Sunday, January 28, 2024

It Makes "The Ballad of the Green Berets" Look Like Great Art

"CBS Sunday Morning" devoted today's program to a memorial for recently-deceased former host Charles Osgood.  In a segment on his love of music, they mentioned that he served as Eisenhower's personal disc jockey as Ike recovered from a heart attack and that he helped compose the music for Senator Everett M. Dirksen's Top 40 hit and Grammy Award winner "Gallant Men."  He was credited as Charles Wood (Osgood was his middle name), but I don't know if he was trying to hide his identity.
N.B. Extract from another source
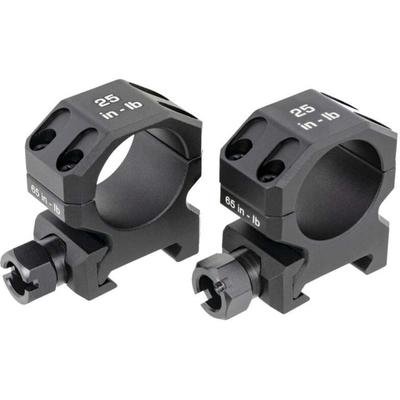 SIG RINGS BUCKMASTER 1IN LOW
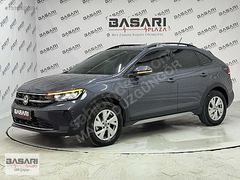 2025/10 BİNDE/BOYASIZ/VW TAİGO/1.0 TSI/LİFE/OTOMATİK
Saturday, January 27, 2024

And He Co-Wrote Three Posthumous "Hits" for Michael Jackson

Speaking of late '50s teen idols, the one who doesn't seem to get his due is that Canadian heartthrob Paul Anka.  Here are some of his accomplishments according to impeccable source Wikipedia:

  • His parents immigrated to Canada from Syria and Lebanon, thus making him one of our biggest Arab-Canadian-American superstars.
  • Toured Australia with Buddy Holly and wrote one of Holly's last recorded songs, "It Doesn't Matter Anymore."
  • Wrote the theme song for "The Tonight Show with Johnny Carson" in 1962.
  • Wrote English-language lyrics for "My Way."
  • Had #1 hits with "Diana" in 1957 and "Lonely Boy" in 1959.  "Put Your Head on My Shoulder" and "Puppy Love" went to #2.
  • Had a a comeback in the mid-70s with a string of duets with Odia Coates including the cringeworthy #1 "(You're) Having My Baby."
  • Co-founded a holographic tech startup company and sits on its board with fellow Canucks Brian Mulroney and Kevin O'Leary.
To be honest, that sounds a lot more impressive than Dion's resume.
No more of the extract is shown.